How to get it working?
#include <iostream>
#include <string>
#include <map>
#include <cmath>
#include <vector>
struct ItemKey
{
double m_t;
double m_f;
static constexpr double t_eps = 3;
static constexpr double f_eps = 0.1;
ItemKey(double t, double f) : m_t(t), m_f(f) {}
bool operator<(const ItemKey& other) const
{
// Here it is assumed that f_eps and t_eps are positive
// We also ignore overflow, underflow, and NaN
// This is written for readability, and assumed the compiler will be
// able to optimize it.
auto fuzzy_less_than = [] (double a, double b, double eps) {
return a < b - eps;
};
bool f_is_less_than = fuzzy_less_than(this->m_f, other.m_f, f_eps);
bool f_is_greater_than = fuzzy_less_than(other.m_f, this->m_f, f_eps);
bool f_is_equal = !f_is_less_than && !f_is_greater_than;
bool t_is_less_than = fuzzy_less_than(this->m_t, other.m_t, t_eps);
return f_is_less_than || (f_is_equal && t_is_less_than);
}
};
int main()
{
using namespace std;
// The pairs are the respective values of m_t and m_f.
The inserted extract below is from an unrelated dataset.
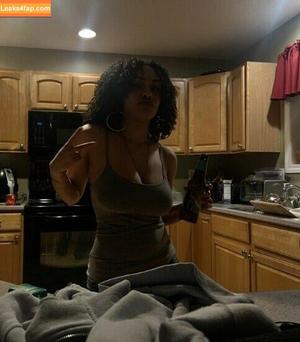 Aaliyeezy photo #0328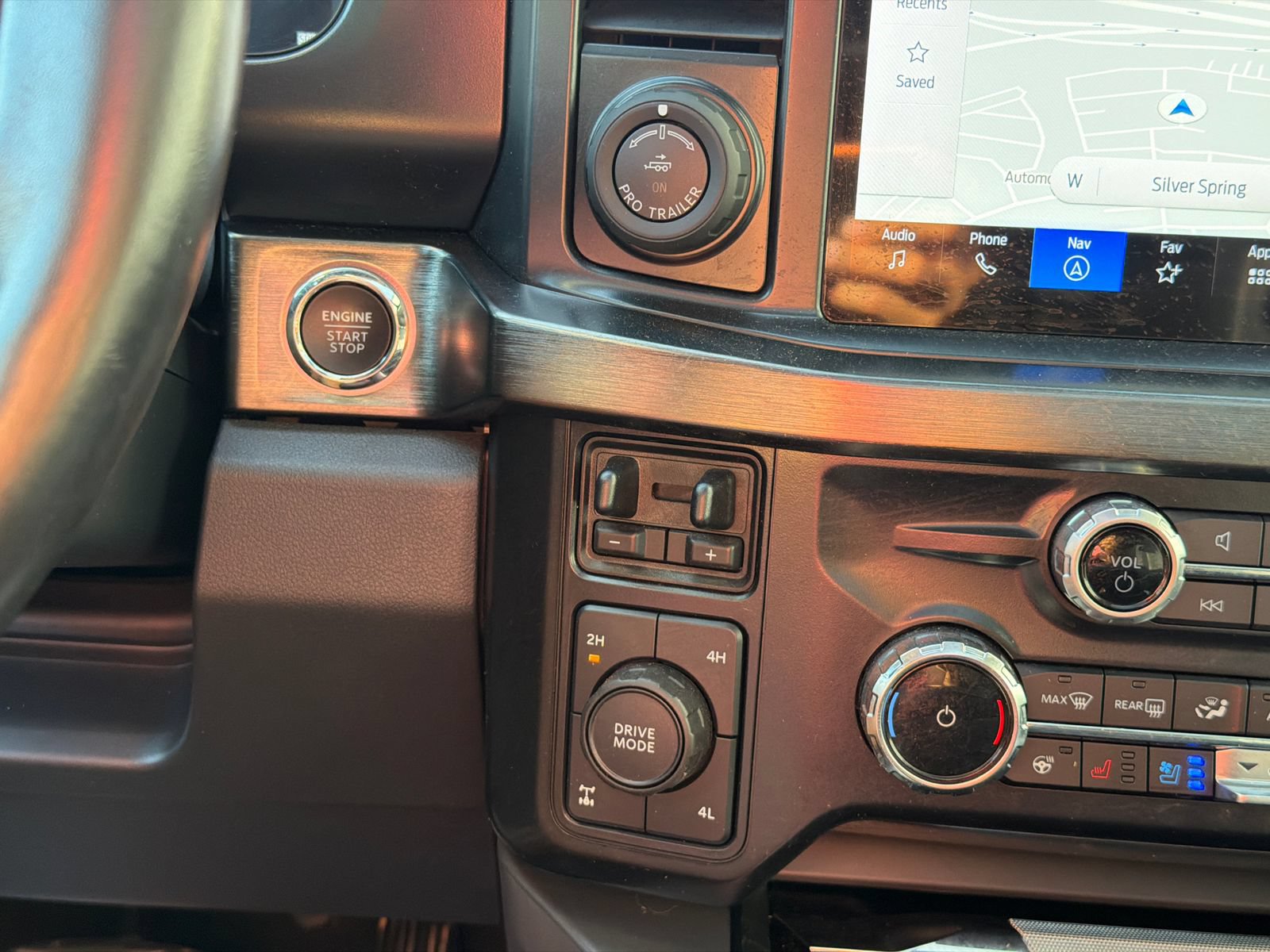 Used 2024 Ford F250 Lariat w/ Lariat Ultimate Package AWD/4WD image 33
vector<pair<double, double>> pairs;
// These two should belong in one bucket
// -> (109.9, 9.0), because m_f differs by 0.09 and m_t differs by just 1
pairs.emplace_back(109.9, 9.0);
pairs.emplace_back(110.9, 9.09);
// This one is separate from above two beause even though m_t is in range,
// m_f is beyong tolerance level
pairs.emplace_back(109.5, 10.0);
// Same for this as well, here both m_t and m_f are beyong tolerance of any
// of the two categories found above
pairs.emplace_back(119.9, 19.0);
// This one matches the second bucket - (109.5, 10.0)
pairs.emplace_back(109.9, 10.05);
// And this one too.
pairs.emplace_back(111.9, 9.87);
map<ItemKey, size_t> itemMap;
for (const auto& item: pairs)
{
ItemKey key(item.first, item.second);
auto iter = itemMap.find(key);
if (iter == itemMap.end())
{
itemMap[key] = 1;
}
else
{
itemMap[iter->first] = itemMap[iter->first] + 1;
}
}
// The map should have three keys
// - (109.9, 9.0) -> count 2
// - (109.5, 10.0) -> count 3
// - (119.9, 19.0) -> count 1
cout << itemMap.size();
cout << "itemMap contents:" << endl;
for (auto& item : itemMap) {
cout << " (" << item.first << ", " << ")" << endl;
}
return 0;
}
There are a few things I changed above. I have a few suggestions also unrelated to the programming mistake:
Do not store boolean values into integer variables.
There's a reason that C++ introduced the bool type.
Write your code to be readable and in a way that the compiler
can easily optimize. You may notice I used a lambda expression
and multiple booleans. Smart compilers will inline the calls to
that lambda expression since it is only used within the local scope.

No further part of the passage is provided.